China and Russia Will Not Be Split

Michael McFaul and Evan S. Medeiros

Many American foreign-policy makers dream of being the next Henry Kissinger. Whether they admit it or not, they look to him as the model of shrewd calculation of national interests, geopolitical acumen, and devotion to diplomacy. He was a leader who struck grand bargains with global effects. And no diplomatic maneuver is more quintessentially Kissinger than the U.S. opening to China in 1972.

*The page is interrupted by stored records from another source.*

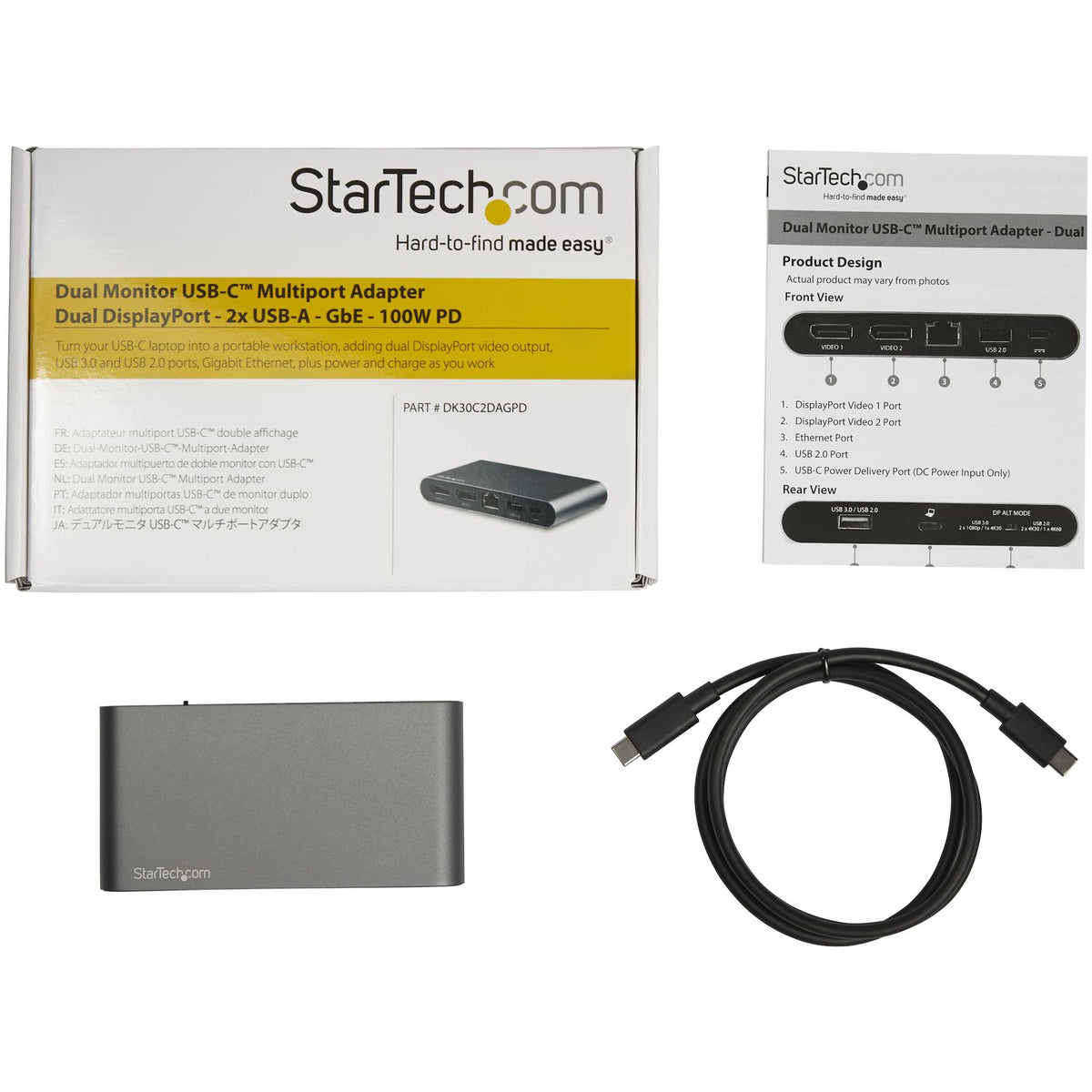 StarTech.com USB C Dock - 4K Dual Monitor DisplayPort Docking Station - 100W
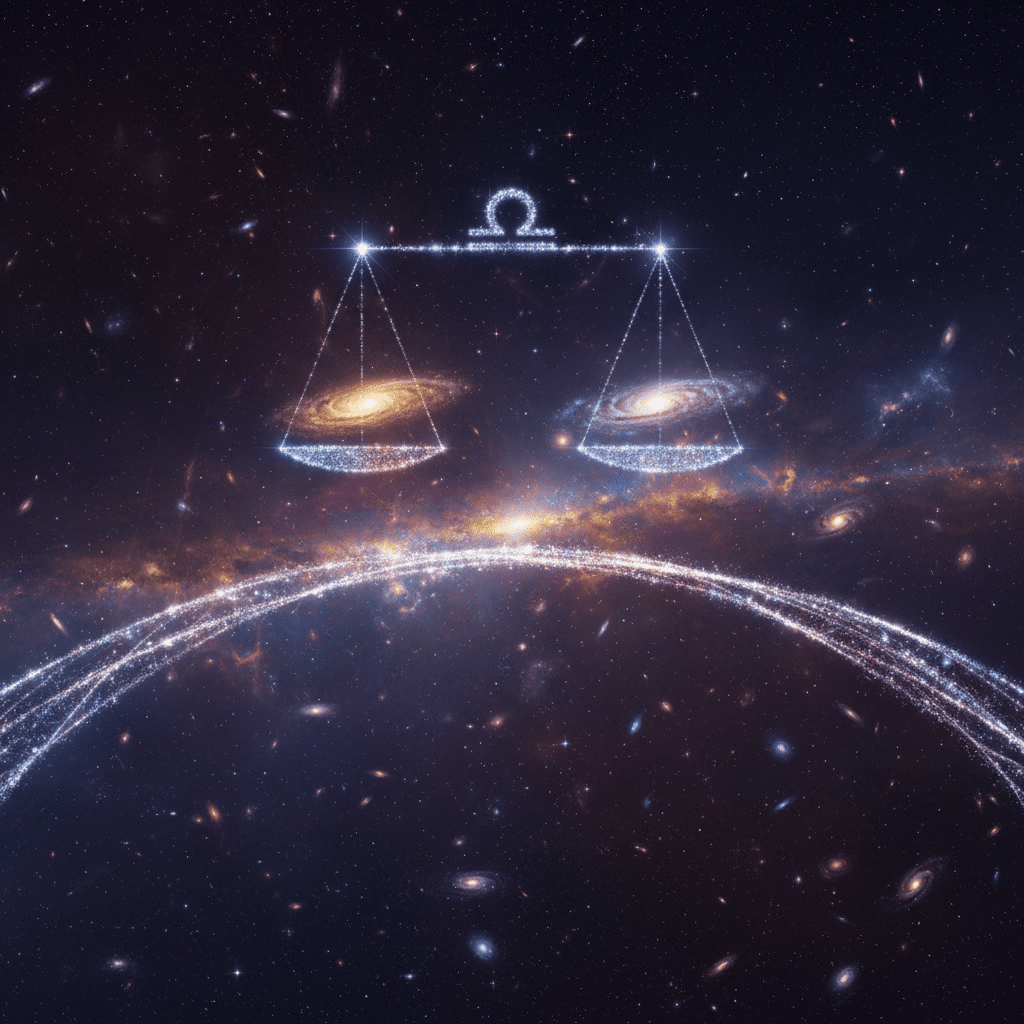 Skala kosmik dengan galaksi seimbang dan simbol zodiak Libra dengan latar belakang alam semesta berbintang.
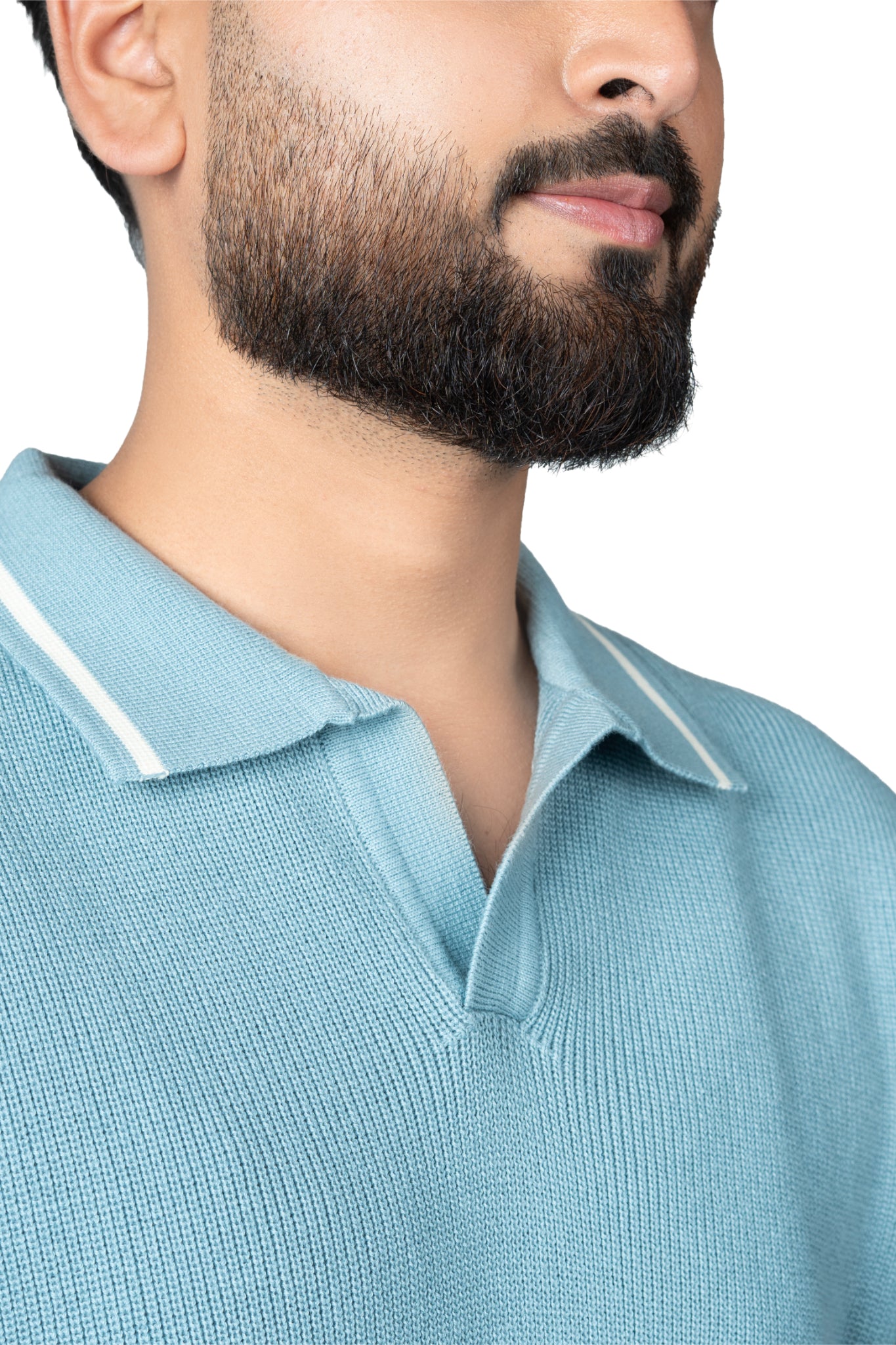 SALLT Blue Knitted Polo Cotton Shirt - Relaxed Fit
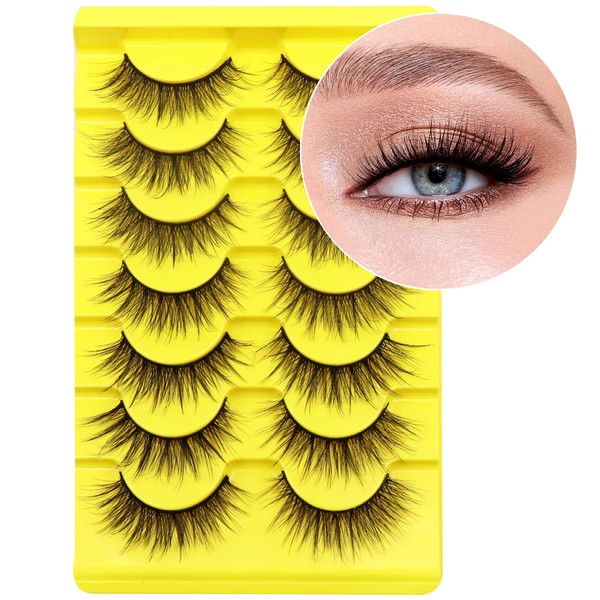 Ahrikiss Eyelashes Cat Eye Lashes 7 Pairs Fluffy False Eyelashes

As great-power competition heats up again, today’s U.S. policymakers may be tempted to try to replicate that success by orchestrating a “reverse Kissinger”—pulling Russia closer to balance a rising China, in a reversal of what Kissinger did beginning in 1971, when he was serving as national security adviser to President Richard Nixon. In an influential paper published in 2021 by the Atlantic Council, the anonymous author, a former government official, proposed that Washington “rebalance its relationship with Russia” because “it is in the United States’ enduring interest to prevent further deepening of the Moscow-Beijing entente.” In its first few months, the Trump administration has seemed to warm to this idea. Secretary of State Marco Rubio has called for the United States “to have a relationship” with Russia rather than let it “become completely dependent on” China. Running a “reverse Kissinger” is also the perfect alibi for President Donald Trump’s courtship of Russian President Vladimir Putin. Americans dislike Putin, but if Trump’s embrace of the Russian dictator can be presented as pragmatic, realpolitik, or otherwise Kissinger-esque, they might accept it.